(Saved entries)

------------------------------------

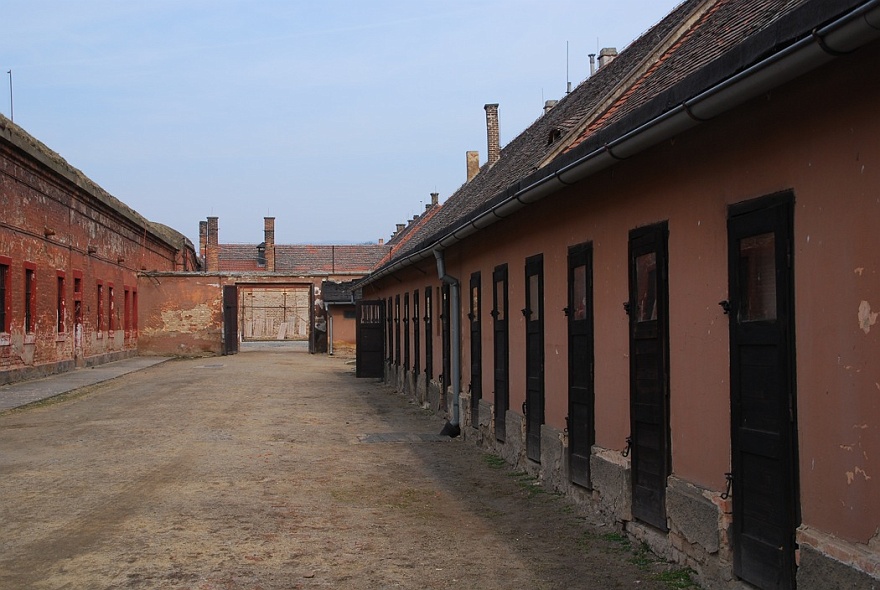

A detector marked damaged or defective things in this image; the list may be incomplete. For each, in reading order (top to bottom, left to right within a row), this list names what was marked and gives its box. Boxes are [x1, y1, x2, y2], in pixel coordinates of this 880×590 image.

peeling plaster [856, 302, 876, 336]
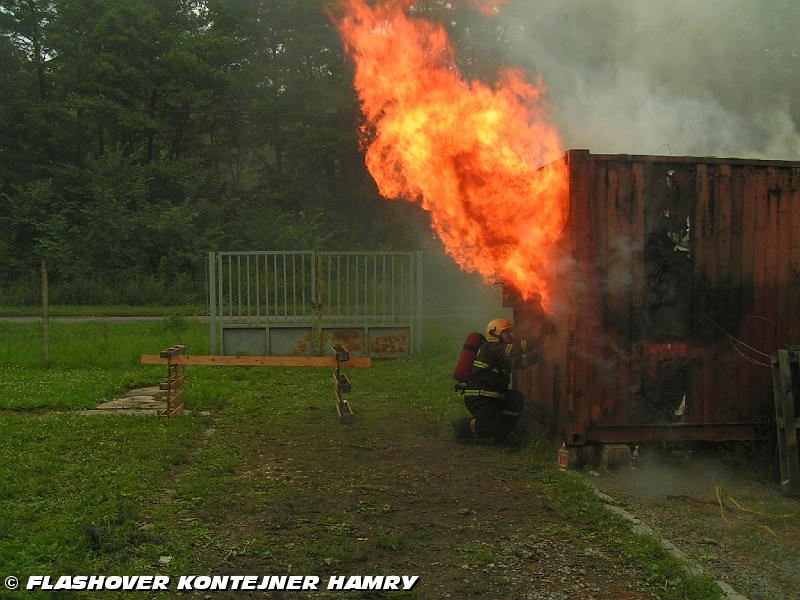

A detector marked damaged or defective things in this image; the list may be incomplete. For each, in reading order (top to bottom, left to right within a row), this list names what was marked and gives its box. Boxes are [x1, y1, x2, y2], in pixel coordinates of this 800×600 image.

rusty shipping container [510, 150, 800, 446]
rust stain on container [512, 150, 800, 446]
burnt metal surface [512, 150, 800, 446]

------------------------------------

• _EXERCISE PROMPT_: An exact copy of the lines from the one containing "this 800×600 image." through the end of the data above is the whole answer.

• _SOLUTION TO THE PROBLEM_:
A detector marked damaged or defective things in this image; the list may be incomplete. For each, in reading order (top to bottom, left to right within a row), this list names what was marked and gives its box. Boxes are [x1, y1, x2, y2], in pixel coordinates of this 800×600 image.

rusty shipping container [510, 150, 800, 446]
rust stain on container [512, 150, 800, 446]
burnt metal surface [512, 150, 800, 446]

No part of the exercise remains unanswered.